Com sede no campo arqueológico de Mértola, foi criada, por três universidades do Sul, a plataforma Estudos Mediterrânicos, com três áreas de trabalho: património, recursos hídricos e energia. O objectivo do consórcio universitário é lançar, pela via do conhecimento, pontes de aproximação às comunidades de ambas as margens do Mediterrâneo. “Somos todos os mesmos”, recordou, a este propósito, a reitora da Universidade de Évora, Ana Costa Freitas, ao lado dos colegas António Rendas, da Universidade Nova de Lisboa, e António Branco, da Universidade do Algarve, Ualg.

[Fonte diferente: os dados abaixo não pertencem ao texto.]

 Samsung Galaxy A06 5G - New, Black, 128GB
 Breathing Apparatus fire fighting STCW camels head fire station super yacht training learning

O director do Campo Arqueológico de Mértola, Cláudio Torres, por seu lado, destacou o número crescente de jovens que se dirigem à vila alentejana para estudar o islão. “Não há no Norte de África um único museu de arte islâmica”, justificou. O que havia na Líbia, em Trípoli, recordou, era um grande edifício constituído essencialmente por peças de arte romana. No espaço dedicado à arte islâmica, limita-se a mostrar o “VW verde do Khadafi”, ironizou. Assim, a investigação levada a cabo no Sul da Península Ibérica, ao longo de 30 anos, desperta a “natural curiosidade de quem se interessa pelo mundo do islão”. Os últimos atentados e mortes em Paris obrigaram a repensar todo o contexto cultural.

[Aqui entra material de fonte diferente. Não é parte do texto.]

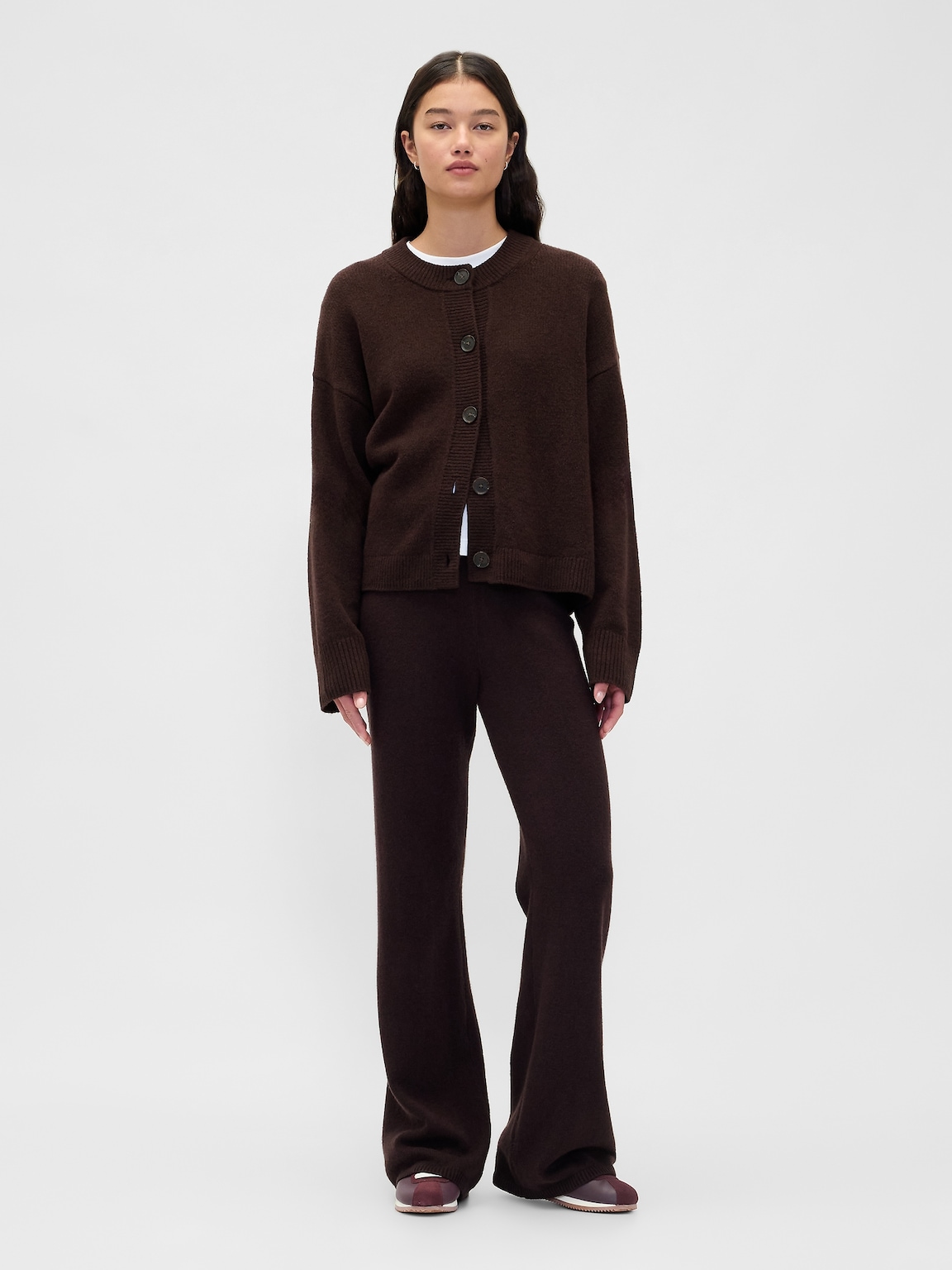 CashSoft Oversized Chunky Cardigan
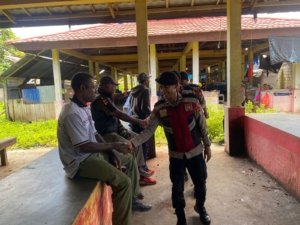 Sat Samapta Polres Sarmi Gelar Patroli KRYD Jaga Kondusifitas Kamtibmas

António Rendas destacou o empenho das três universidades do Sul em promover uma nova forma de olhar a investigação. “No fundo, queremos fazer melhor em conjunto do que fazemos individualmente. “Eu sei que, em Portugal, se diz muito isto, mas nós queremos mesmo fazê-lo”, sublinhou. A plataforma Estudos Mediterrânicos conta já com a colaboração de cinco universidades marroquinas e três da Tunísia. O antigo reitor da Universidade do Algarve João Guerreiro — um dos académicos do grupo de trabalho — destacou que o “elo mais fraco é a Argélia, com o qual prosseguem conversações, mas ainda não está definido qual o parceiro”.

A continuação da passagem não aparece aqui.